#### Exercise prompt:
From the entries below, return exactly the lines beginning at the one that contains "Small Heart CZ" and ending at the one that contains "Fashion Printed Silk", both of them included, and only those lines.

#### Task input:
################

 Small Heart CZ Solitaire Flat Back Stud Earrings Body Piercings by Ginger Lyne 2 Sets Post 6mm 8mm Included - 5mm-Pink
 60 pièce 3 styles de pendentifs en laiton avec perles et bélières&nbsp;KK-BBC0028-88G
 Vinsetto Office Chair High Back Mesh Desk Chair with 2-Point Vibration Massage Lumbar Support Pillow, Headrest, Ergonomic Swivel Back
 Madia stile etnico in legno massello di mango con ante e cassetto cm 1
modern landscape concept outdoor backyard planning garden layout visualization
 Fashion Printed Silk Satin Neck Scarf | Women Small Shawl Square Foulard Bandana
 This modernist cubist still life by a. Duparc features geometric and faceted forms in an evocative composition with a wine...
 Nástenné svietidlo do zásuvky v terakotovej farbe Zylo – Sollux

################

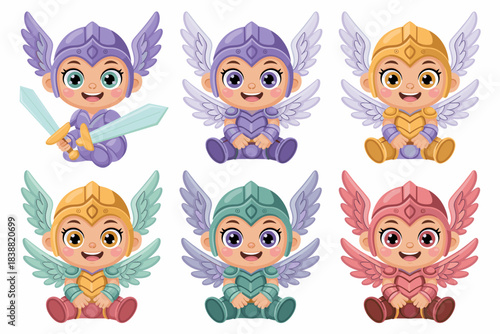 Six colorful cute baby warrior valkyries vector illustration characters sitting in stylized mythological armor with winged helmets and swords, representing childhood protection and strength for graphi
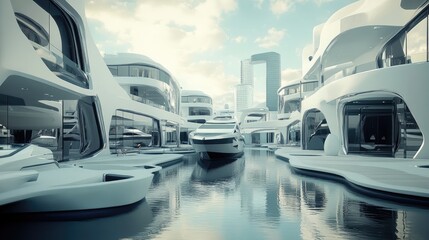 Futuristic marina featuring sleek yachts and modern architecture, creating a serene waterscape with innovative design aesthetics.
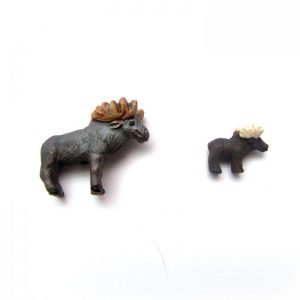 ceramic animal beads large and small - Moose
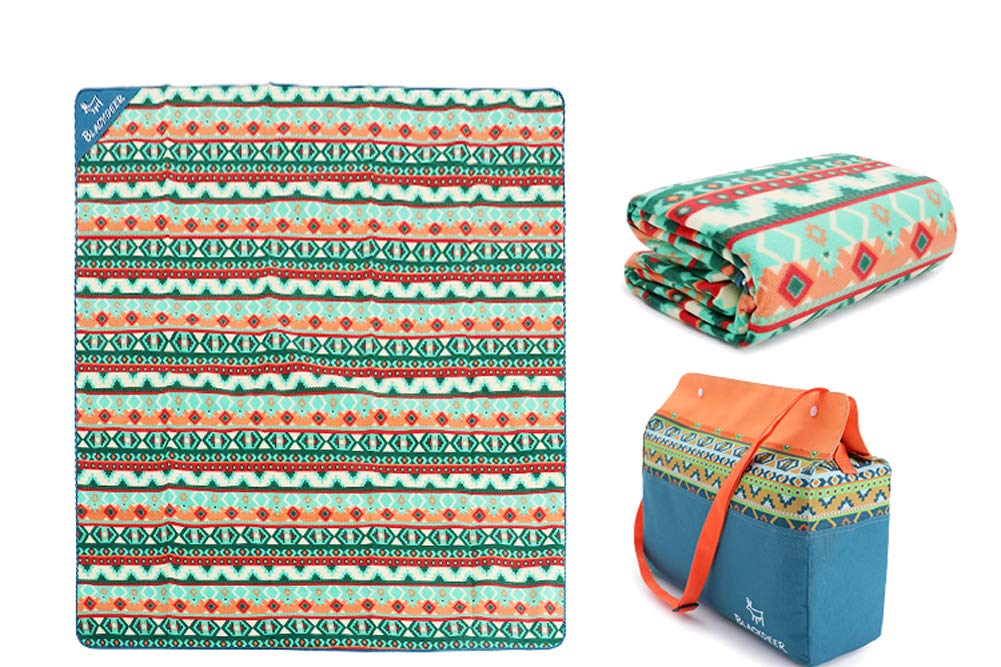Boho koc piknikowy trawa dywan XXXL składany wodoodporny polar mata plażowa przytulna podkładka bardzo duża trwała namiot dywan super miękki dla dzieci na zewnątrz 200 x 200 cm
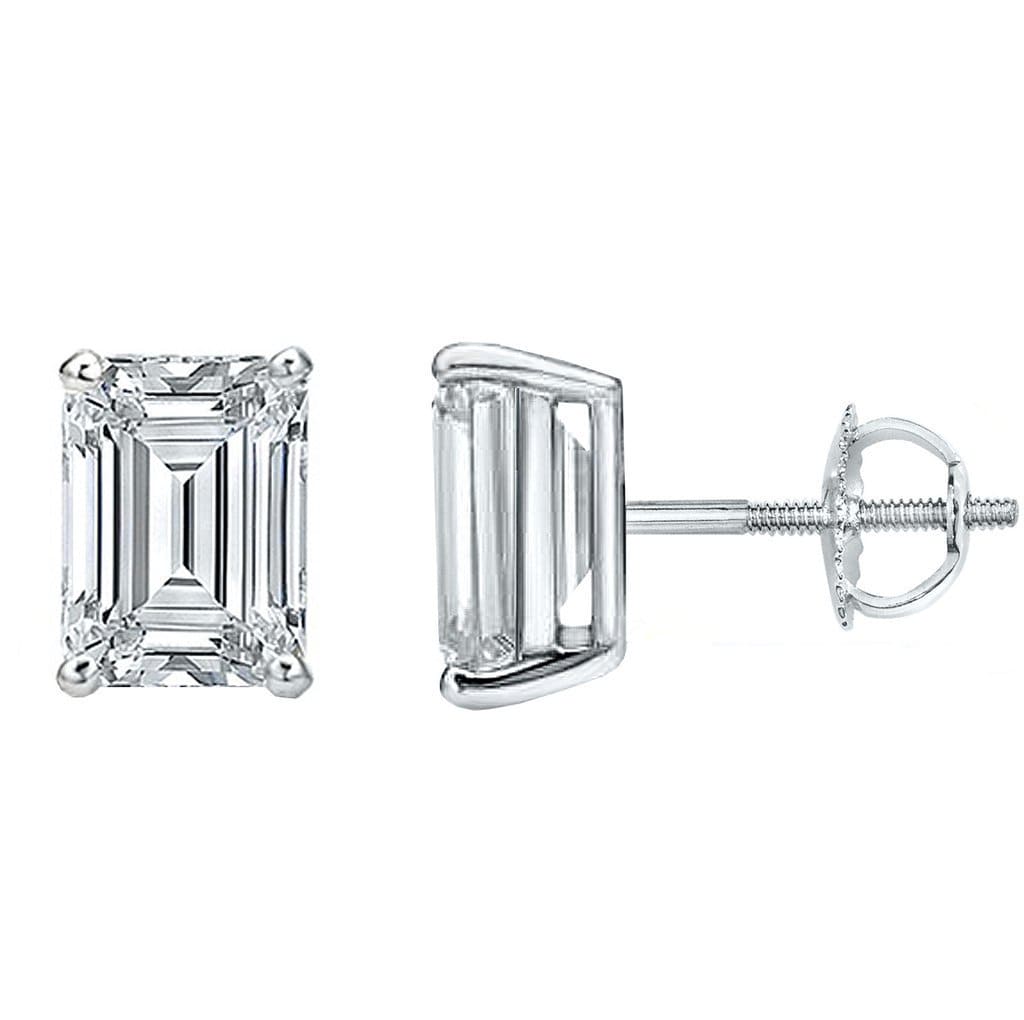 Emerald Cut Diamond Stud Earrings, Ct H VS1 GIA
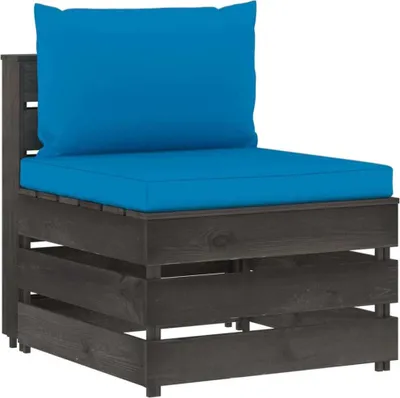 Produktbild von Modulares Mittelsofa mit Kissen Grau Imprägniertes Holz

################

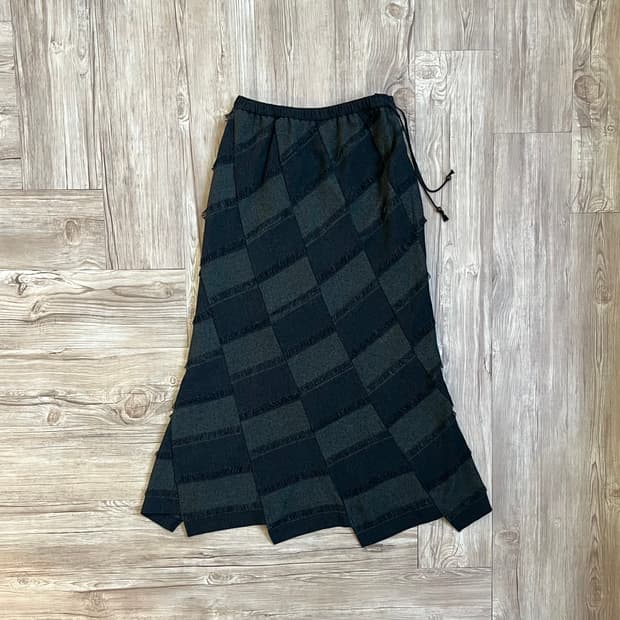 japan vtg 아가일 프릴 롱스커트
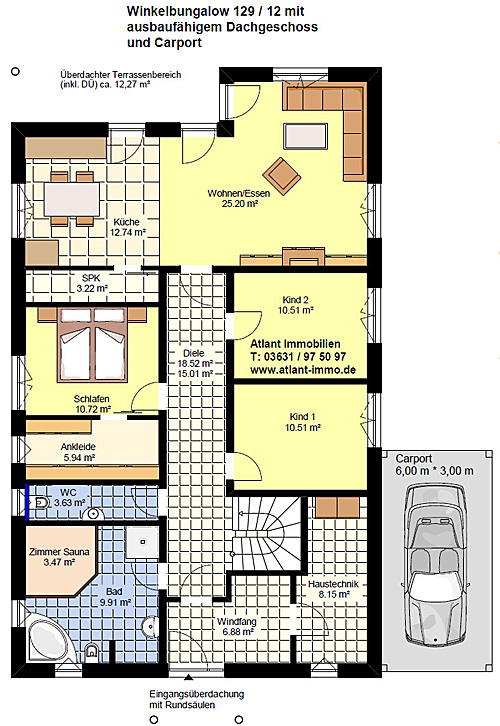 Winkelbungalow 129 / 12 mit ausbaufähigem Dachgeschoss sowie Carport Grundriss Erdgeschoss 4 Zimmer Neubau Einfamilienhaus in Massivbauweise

################

#### Answer box:
 Small Heart CZ Solitaire Flat Back Stud Earrings Body Piercings by Ginger Lyne 2 Sets Post 6mm 8mm Included - 5mm-Pink
 60 pièce 3 styles de pendentifs en laiton avec perles et bélières&nbsp;KK-BBC0028-88G
 Vinsetto Office Chair High Back Mesh Desk Chair with 2-Point Vibration Massage Lumbar Support Pillow, Headrest, Ergonomic Swivel Back
 Madia stile etnico in legno massello di mango con ante e cassetto cm 1
modern landscape concept outdoor backyard planning garden layout visualization
 Fashion Printed Silk Satin Neck Scarf | Women Small Shawl Square Foulard Bandana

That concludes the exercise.